İmkan Vakfı Başkanı Zekeriya Arslan, Dünya Yaşlanma Konseyi, Türkiye Hollanda Sağlık Vakfı ve İmkan Vakfı’nın girişimleri ile, 14 – 17 Mayıs 2015 tarihlerinde, Utrecht’te, “3. Kültür Festivali – Cultifest” organizasyonunda, ‘Birlikte Yaşlanıyoruz’ temalı Avrupa’da Yaşlanma Kurultayı gerçekleştireceğiz, dedi.

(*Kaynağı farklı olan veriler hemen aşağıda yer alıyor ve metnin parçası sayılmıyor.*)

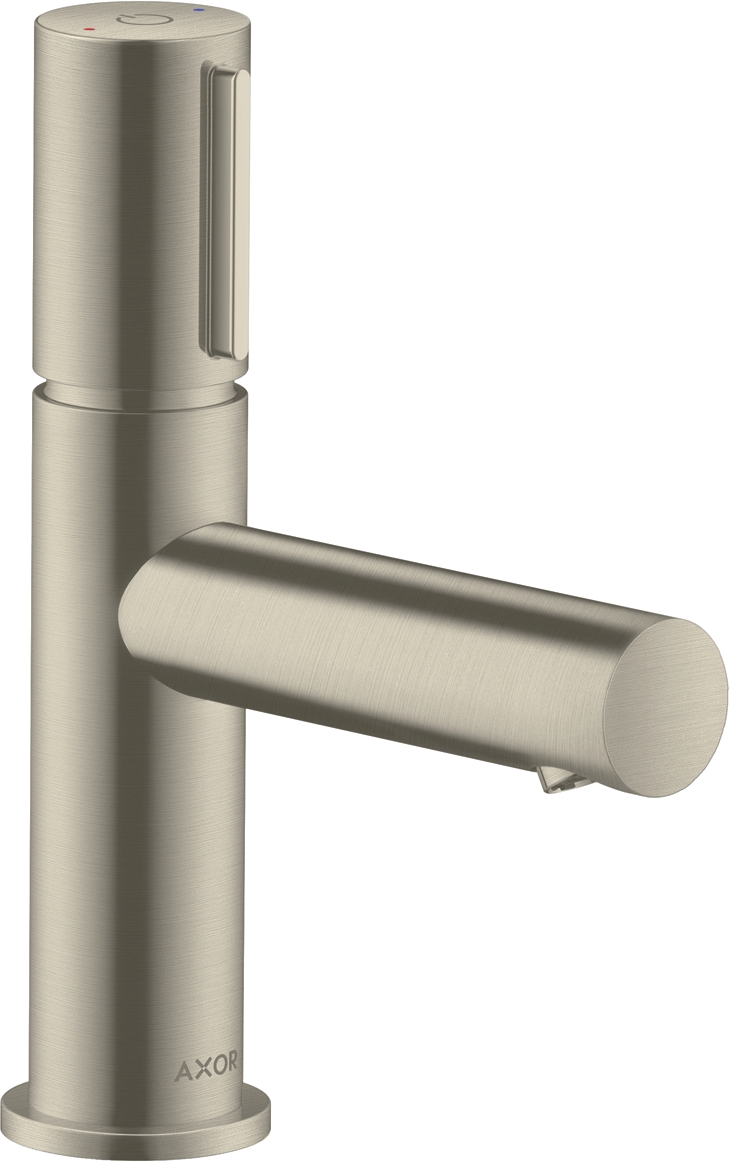 Mitigeur lavabo Uno Select 80 EcoSmart Axor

-TÜRK TOPLUMU, HOLLANDA’NIN AYRILMAZ BİR PARÇASI-

TC. Rotterdam Başkonsolosu Togan Oral, “Türk toplumu, bu toplantıda yaşlılarının durumunu, sorununu konuşuyor. Onlarla ilgili nasıl politikalar üretilebilir, ne yapmak lazım, nerede eksiğimiz var, bunlar konuşuluyor, bunlar başlı başına güzel şeyler. Demek ki, Türk toplumu Hollanda’ya 50 yıl önce geldiğinde aklındaki istek ve hayallerinin gerçekleştirememiş, anavatana dönememiş ve burada kalmış, burada yaşlanmış. Bu kötü birşey değil, güzel birşey. Çünkü bu bize şunu gösteriyor: Demek ki, Hollanda Türk Toplumu, artık gerçekten Hollanda’nın ayrılmaz bir parçası. Bir yerde, bir ülkede yaşlandıysanız ve emekli olmanıza rağmen oradan ayrılmıyor, ayrılamıyorsanız siz oranın bir parçasısınız.”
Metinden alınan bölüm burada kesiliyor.